Wattage is a measurement of electricity generated or consumed in a circuit. There is a simple rule to remember when determining watts (W): “A watt is a watt is a watt”. **The amount of watts generated in a circuit must be equal to or greater than the watts consumed by the load.**

In relation to volts and amps, watts never change as electricity flows through an electrical circuit; they are a constant value. Watts can be generated and consumed, and they may be reflected as different amounts, but they are usually only measured at the generator and the load. What happens between the watts-generated value and the watts-consumed value is measured in volts and amps.

Visualize a water faucet above a bathtub. When you turn the faucet on all the way, the water comes out with force. If you put your hand in the the stream of water, it pounds on your skin. Think of that pressure of the water as **voltage.**

Now, turn the faucet halfway off. This reduces the amount of water flowing from the faucet. Think of that change in flow, or current, as **amperage**.
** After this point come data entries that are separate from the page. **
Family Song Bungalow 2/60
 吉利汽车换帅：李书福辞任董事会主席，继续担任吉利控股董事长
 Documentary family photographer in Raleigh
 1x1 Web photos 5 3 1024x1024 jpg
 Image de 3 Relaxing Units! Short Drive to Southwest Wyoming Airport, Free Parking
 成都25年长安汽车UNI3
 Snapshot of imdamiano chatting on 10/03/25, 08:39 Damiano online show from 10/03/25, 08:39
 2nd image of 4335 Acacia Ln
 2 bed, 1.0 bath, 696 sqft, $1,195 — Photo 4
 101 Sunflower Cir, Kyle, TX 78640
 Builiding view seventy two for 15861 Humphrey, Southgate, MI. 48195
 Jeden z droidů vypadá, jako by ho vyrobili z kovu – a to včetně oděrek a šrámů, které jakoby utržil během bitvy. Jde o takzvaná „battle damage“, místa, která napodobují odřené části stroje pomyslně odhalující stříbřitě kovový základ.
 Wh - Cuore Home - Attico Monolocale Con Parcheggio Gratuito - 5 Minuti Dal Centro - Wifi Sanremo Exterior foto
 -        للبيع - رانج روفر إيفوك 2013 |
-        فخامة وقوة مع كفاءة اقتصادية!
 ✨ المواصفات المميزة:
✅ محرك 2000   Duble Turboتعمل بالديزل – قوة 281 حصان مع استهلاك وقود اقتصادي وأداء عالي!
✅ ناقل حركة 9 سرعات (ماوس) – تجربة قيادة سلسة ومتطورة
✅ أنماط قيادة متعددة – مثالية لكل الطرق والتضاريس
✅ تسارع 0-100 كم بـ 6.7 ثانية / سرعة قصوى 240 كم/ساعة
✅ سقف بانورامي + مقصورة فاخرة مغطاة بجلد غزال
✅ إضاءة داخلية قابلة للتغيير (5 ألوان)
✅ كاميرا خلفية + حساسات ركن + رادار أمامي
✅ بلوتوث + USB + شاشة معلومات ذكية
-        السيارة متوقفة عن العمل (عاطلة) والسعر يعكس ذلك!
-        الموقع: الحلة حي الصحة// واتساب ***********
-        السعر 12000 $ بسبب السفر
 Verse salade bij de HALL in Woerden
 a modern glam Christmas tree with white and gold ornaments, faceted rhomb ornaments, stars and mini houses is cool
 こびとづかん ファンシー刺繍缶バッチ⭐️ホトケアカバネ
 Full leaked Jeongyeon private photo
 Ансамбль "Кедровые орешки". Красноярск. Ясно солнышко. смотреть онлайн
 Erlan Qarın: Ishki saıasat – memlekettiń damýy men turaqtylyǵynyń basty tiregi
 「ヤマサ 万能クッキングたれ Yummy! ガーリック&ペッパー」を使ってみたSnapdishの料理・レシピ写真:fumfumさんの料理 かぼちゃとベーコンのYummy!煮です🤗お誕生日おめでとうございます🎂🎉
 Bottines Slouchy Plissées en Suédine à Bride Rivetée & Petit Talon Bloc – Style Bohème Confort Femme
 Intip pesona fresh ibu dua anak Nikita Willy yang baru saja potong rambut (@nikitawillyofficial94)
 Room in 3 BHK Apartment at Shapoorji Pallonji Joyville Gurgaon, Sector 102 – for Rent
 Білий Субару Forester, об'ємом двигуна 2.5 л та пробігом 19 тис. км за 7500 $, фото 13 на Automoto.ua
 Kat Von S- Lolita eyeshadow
Amperage and voltage go hand-in-hand, just like the water coming out of a faucet. The higher the amperage (the greater the flow of water), the higher the voltage (the more forcefully the water stream hits your hand).

- Watts never change in a circuit.
**Watts generated must be greater than watts consumed.**

Where the watts come from is irrelevant to the load. All that matters is that enough watts are brought into the circuit to keep the appliances operating. The source of the generated watts is decided based on geographic location and available resources.

There are two commonly used types of electricity: alternating current (AC) and direct current (DC).

If your power is supplied by the utility grid or a gasoline generator, it is probably an AC circuit. If your power comes from a battery, it is likely a DC circuit.

Identifying a DC-powered appliance (load) is very easy. There are two basic criteria:

- Does it have a battery in it (disposable or rechargeable)?
- Can it run directly from a battery (such as a 12 V cigarette lighter adaptor (CLA) connection or from the NATO connection in a vehicle)?

Simply put, if the answer to either or both of these questions is yes, then it is a DC load.

Most small DC systems use 12 or 24 volts (normally expressed as 12 VDC or 24 VDC), and most AC systems in the United States use 120 or 240 volts (120 VAC or 240 VAC).